During the late 1970s I tired of the art-music trend of composing works that were steadfastly “serious” in tone. Desiring greater contrasts, I began composing works that included both playful and serious sections. Predictably, the playful sections upset some of my relentlessly serious-minded peers. One of my close composer friends told me I was throwing away my talent.
A grants panel spokesman told me that the playful passages in my new works caused heated arguments. However, he also told me that strong reactions were desirable, and the panelists had encouraged me to compose more works in this spirit.
When one of my former professors heard a new work of mine that included lighthearted sections, he told me he hated me for writing it. When I laughed, he told me he was serious. I said, “I know. That’s what makes it so funny.”
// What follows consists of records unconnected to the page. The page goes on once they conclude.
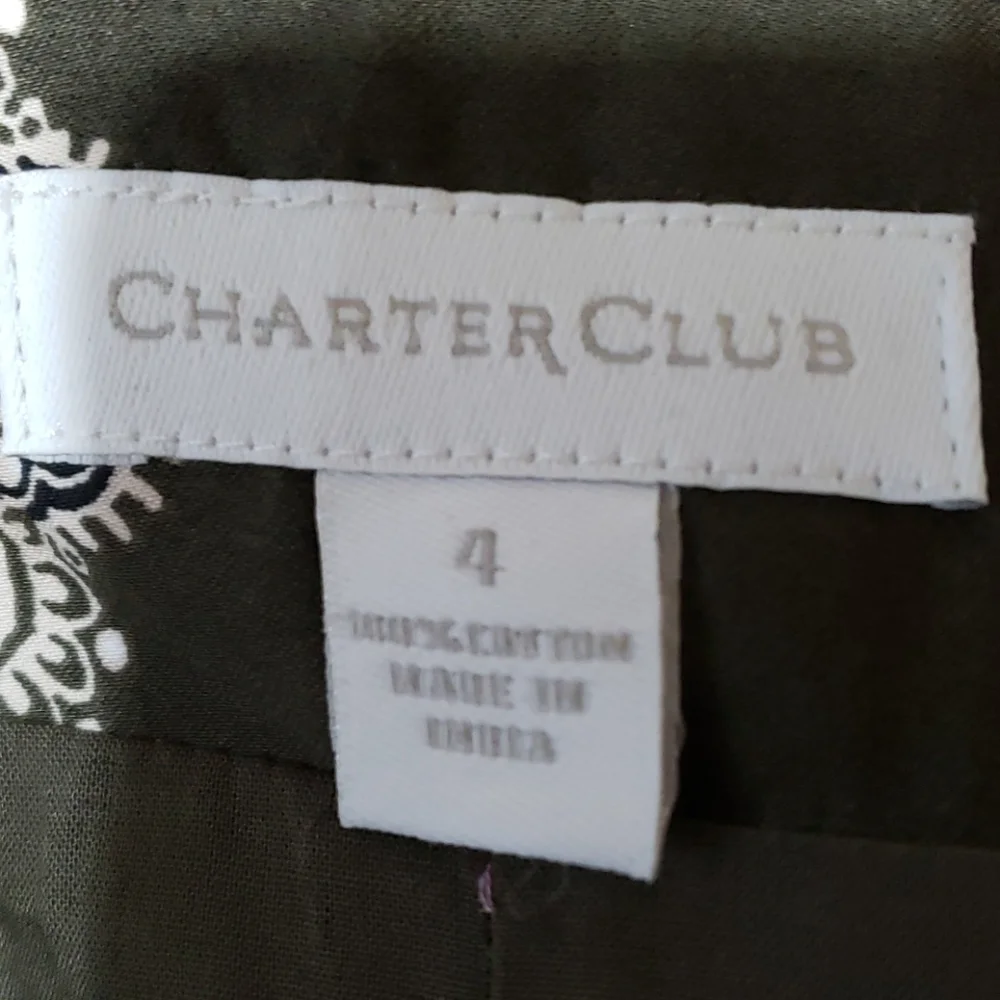 Charter club boho pattern green cream midi skirt - Picture 6 of 6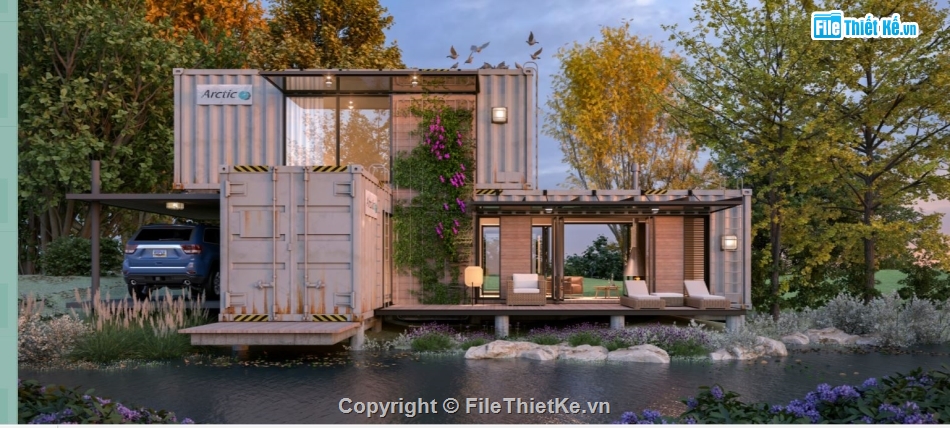 file Sketchup Biệt thự,biệt thự 2 tầng container,file sketchup biệt thự,biệt thự 2 tầng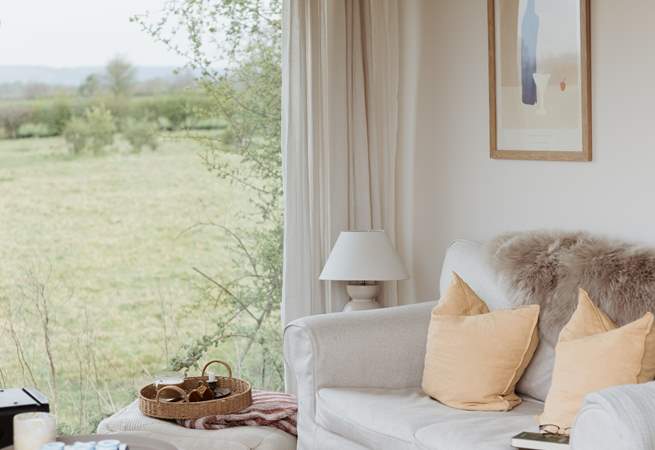 The neutral tones create a calming space. 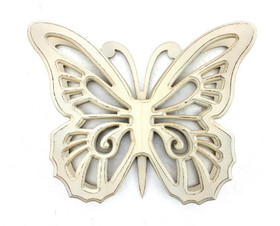 Benjara BM218334 Wooden Butterfly Wall Plaque with Cutout Detail, White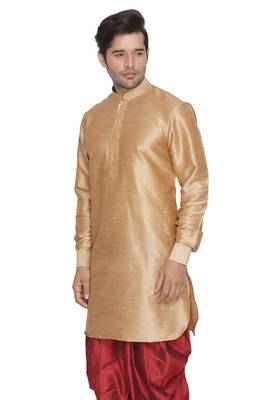 Gold Plain Blended Cotton Men-Kurtas 2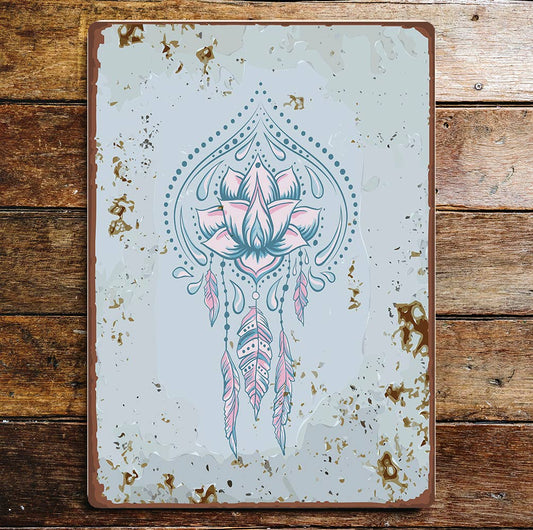 lotus ornamental feathers | Metal Wall Sign Plaque
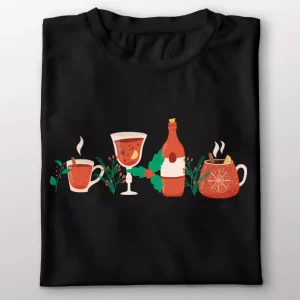 T shirt noel Caricature de vin chaud T shirt noel Caricature de vin chaud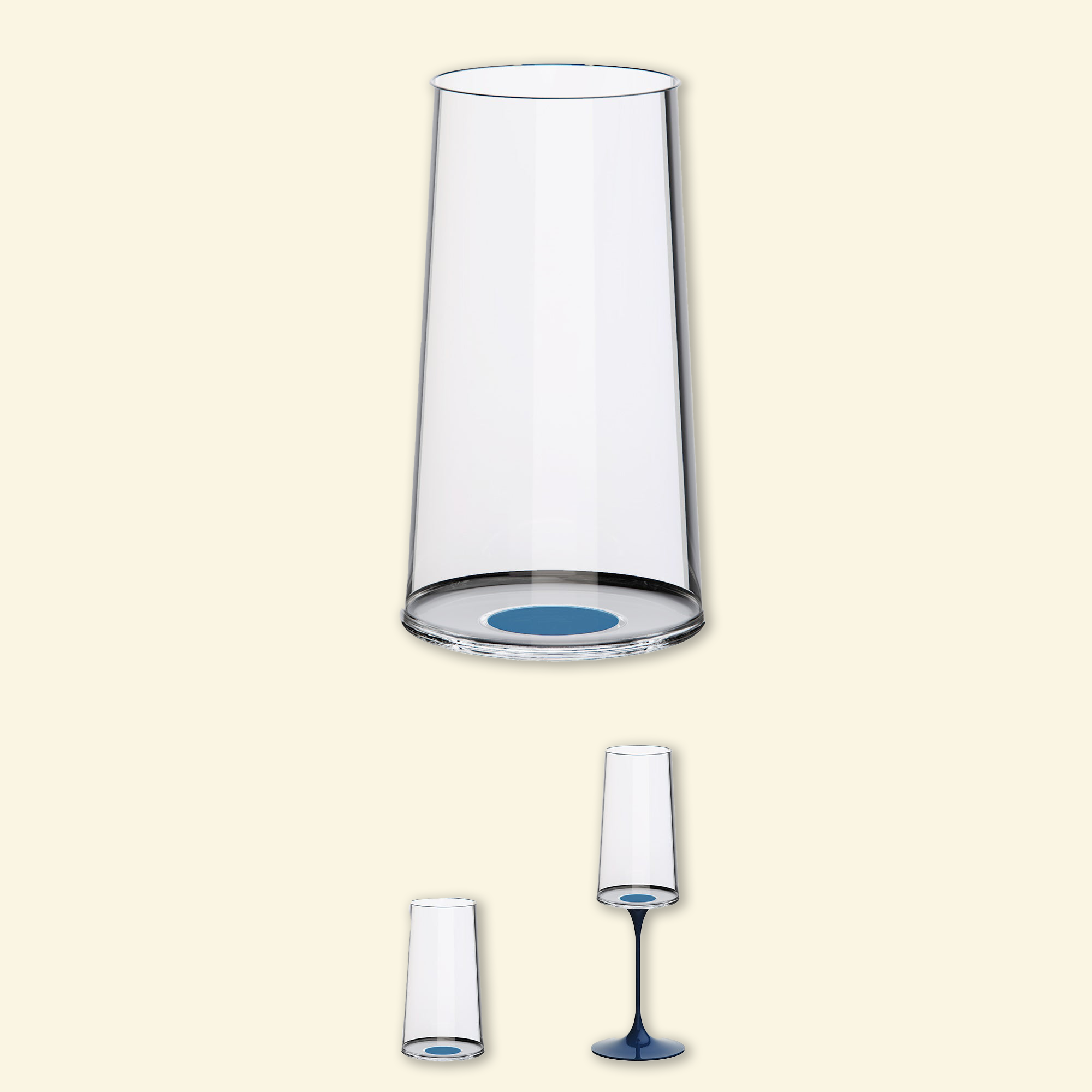 Set copa cristal trago largo con iman + tallo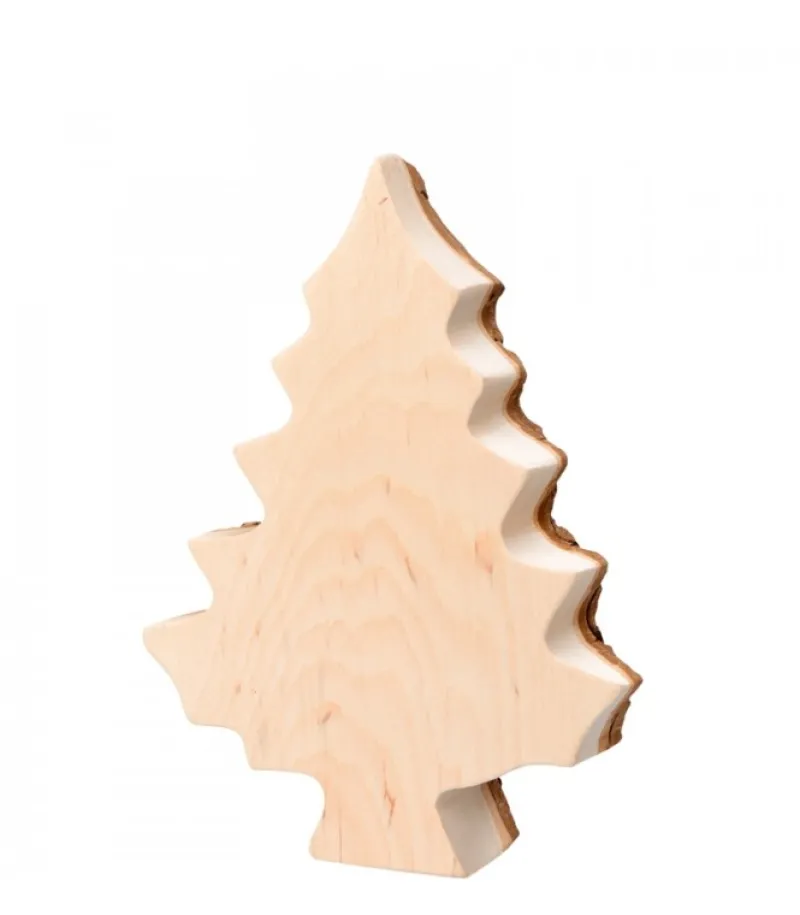 Waldfabrik, photophore en bois et étoile sapin de Noël Sapin En Bois Déco En Ecorce 15 Cm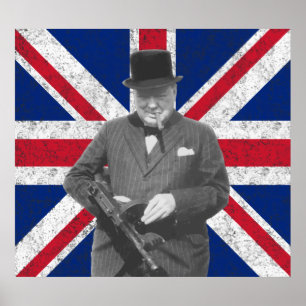 Churchill met een Pistool van Tommy Poster
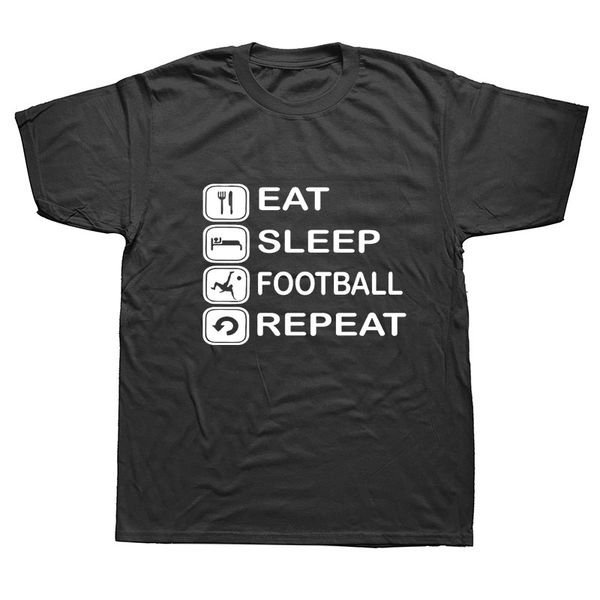novelty eat sleep football repeat t-shirt mens short sleeves oversized streetwear hip hop printed t shirts tees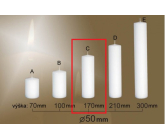 Lima Gastro hladká svíčka bílá válec 50 x 170 mm 1 kus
He, like many strait-laced composers at that time, felt that art music should remain steadfastly “serious” in tone (appropriately solemn and earnest). Many composers who felt this way tended to avoid musical qualities such as lyrical melodies, consonant harmonies, and danceable rhythms that might immediately “please” an audience, or that might in any way seem to relate to music that was “joyous,” “popular,” or “theatrical.”
Contrast as a Dramatic Tool
For me this attitude is pointlessly restrictive. I want the freedom to express a broad range of human emotions. From my perspective, a viewpoint that rules out the expression of joy, humor, and exuberance is useless.
Expressive contrast is a vital dramatic tool. One of the traits I most admire about Shakespeare is his powerful use of contrasts between comic and tragic elements to heighten the expressive impact of both.
My approach to composing is pragmatic. Depending on the expressive needs of the work at hand, I set out to evoke joy as effectively as sorrow, delight as convincingly as rage, and malice as persuasively as innocence.